Pick every line out of the entries below that holds the string "Bathroom", and report them.

DATA FOR THE TASK:

══════════

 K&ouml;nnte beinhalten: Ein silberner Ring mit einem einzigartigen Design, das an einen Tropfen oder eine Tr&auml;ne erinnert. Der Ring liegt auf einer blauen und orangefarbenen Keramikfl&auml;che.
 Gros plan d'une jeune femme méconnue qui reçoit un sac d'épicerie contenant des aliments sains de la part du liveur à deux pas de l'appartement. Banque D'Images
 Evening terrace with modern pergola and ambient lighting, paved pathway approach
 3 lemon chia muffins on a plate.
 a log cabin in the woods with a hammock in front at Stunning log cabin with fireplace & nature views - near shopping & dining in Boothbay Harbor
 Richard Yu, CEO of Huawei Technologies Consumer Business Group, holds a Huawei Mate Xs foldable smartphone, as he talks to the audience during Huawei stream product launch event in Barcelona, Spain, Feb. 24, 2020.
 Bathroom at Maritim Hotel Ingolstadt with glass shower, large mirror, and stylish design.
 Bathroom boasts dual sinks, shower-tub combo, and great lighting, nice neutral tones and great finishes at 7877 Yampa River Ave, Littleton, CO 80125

══════════

WORKED SOLUTION:
 Bathroom at Maritim Hotel Ingolstadt with glass shower, large mirror, and stylish design.
 Bathroom boasts dual sinks, shower-tub combo, and great lighting, nice neutral tones and great finishes at 7877 Yampa River Ave, Littleton, CO 80125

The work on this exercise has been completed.